◆ ABOUT THIS TASK: Please repeat, exactly and with nothing extra, the line containing "大型 セリコ隕石 435g 外皮付き パラサイト 石鉄隕石" and every line after it up to the end of the material.
Content starts
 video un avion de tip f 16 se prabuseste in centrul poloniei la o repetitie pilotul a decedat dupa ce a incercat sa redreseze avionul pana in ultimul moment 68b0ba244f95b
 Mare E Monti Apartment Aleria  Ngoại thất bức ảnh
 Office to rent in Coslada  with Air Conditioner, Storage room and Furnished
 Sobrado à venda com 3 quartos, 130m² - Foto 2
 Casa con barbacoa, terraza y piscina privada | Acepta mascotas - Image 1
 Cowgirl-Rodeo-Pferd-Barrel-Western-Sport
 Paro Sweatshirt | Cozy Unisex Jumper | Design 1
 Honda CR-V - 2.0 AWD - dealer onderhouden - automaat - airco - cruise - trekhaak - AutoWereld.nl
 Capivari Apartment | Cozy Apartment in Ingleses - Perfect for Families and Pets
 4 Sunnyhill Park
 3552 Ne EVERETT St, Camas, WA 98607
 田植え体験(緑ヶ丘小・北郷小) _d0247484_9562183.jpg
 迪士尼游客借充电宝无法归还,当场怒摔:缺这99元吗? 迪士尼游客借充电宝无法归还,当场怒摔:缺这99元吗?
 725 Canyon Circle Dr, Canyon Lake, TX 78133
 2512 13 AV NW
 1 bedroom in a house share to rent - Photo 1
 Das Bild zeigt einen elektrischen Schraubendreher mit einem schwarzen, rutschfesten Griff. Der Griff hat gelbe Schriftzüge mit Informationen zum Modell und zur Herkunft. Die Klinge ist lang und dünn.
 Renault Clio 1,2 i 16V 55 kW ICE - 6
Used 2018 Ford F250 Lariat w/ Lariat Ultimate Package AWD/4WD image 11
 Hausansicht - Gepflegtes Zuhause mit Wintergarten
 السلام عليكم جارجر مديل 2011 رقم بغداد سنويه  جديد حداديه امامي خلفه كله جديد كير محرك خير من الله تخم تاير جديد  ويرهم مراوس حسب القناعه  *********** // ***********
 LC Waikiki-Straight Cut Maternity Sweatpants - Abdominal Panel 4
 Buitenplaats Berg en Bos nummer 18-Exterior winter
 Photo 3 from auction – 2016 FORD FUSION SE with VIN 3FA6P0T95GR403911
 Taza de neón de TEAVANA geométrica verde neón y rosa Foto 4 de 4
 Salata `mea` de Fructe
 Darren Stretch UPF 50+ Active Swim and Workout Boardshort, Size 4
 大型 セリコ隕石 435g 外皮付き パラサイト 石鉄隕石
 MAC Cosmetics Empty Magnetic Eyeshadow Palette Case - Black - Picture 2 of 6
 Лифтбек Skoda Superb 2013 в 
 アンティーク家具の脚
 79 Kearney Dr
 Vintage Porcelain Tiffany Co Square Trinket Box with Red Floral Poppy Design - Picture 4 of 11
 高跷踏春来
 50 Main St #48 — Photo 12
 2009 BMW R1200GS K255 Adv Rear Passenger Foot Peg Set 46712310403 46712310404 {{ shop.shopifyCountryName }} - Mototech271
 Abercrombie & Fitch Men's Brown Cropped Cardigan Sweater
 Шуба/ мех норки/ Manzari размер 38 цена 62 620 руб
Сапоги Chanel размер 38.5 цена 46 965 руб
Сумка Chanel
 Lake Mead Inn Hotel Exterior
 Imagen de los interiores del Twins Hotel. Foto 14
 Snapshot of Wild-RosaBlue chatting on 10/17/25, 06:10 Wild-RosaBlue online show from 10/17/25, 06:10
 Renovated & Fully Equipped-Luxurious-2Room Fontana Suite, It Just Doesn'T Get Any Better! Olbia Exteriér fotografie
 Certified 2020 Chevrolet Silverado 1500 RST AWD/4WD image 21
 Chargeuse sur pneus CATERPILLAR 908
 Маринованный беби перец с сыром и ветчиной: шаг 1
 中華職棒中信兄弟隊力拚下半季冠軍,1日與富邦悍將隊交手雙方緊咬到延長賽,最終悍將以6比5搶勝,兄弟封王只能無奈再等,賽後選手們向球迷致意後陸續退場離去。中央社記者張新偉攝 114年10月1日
Content ends
◆ RESPONSE TO THIS EXERCISE:
 大型 セリコ隕石 435g 外皮付き パラサイト 石鉄隕石
 MAC Cosmetics Empty Magnetic Eyeshadow Palette Case - Black - Picture 2 of 6
 Лифтбек Skoda Superb 2013 в 
 アンティーク家具の脚
 79 Kearney Dr
 Vintage Porcelain Tiffany Co Square Trinket Box with Red Floral Poppy Design - Picture 4 of 11
 高跷踏春来
 50 Main St #48 — Photo 12
 2009 BMW R1200GS K255 Adv Rear Passenger Foot Peg Set 46712310403 46712310404 {{ shop.shopifyCountryName }} - Mototech271
 Abercrombie & Fitch Men's Brown Cropped Cardigan Sweater
 Шуба/ мех норки/ Manzari размер 38 цена 62 620 руб
Сапоги Chanel размер 38.5 цена 46 965 руб
Сумка Chanel
 Lake Mead Inn Hotel Exterior
 Imagen de los interiores del Twins Hotel. Foto 14
 Snapshot of Wild-RosaBlue chatting on 10/17/25, 06:10 Wild-RosaBlue online show from 10/17/25, 06:10
 Renovated & Fully Equipped-Luxurious-2Room Fontana Suite, It Just Doesn'T Get Any Better! Olbia Exteriér fotografie
 Certified 2020 Chevrolet Silverado 1500 RST AWD/4WD image 21
 Chargeuse sur pneus CATERPILLAR 908
 Маринованный беби перец с сыром и ветчиной: шаг 1
 中華職棒中信兄弟隊力拚下半季冠軍,1日與富邦悍將隊交手雙方緊咬到延長賽,最終悍將以6比5搶勝,兄弟封王只能無奈再等,賽後選手們向球迷致意後陸續退場離去。中央社記者張新偉攝 114年10月1日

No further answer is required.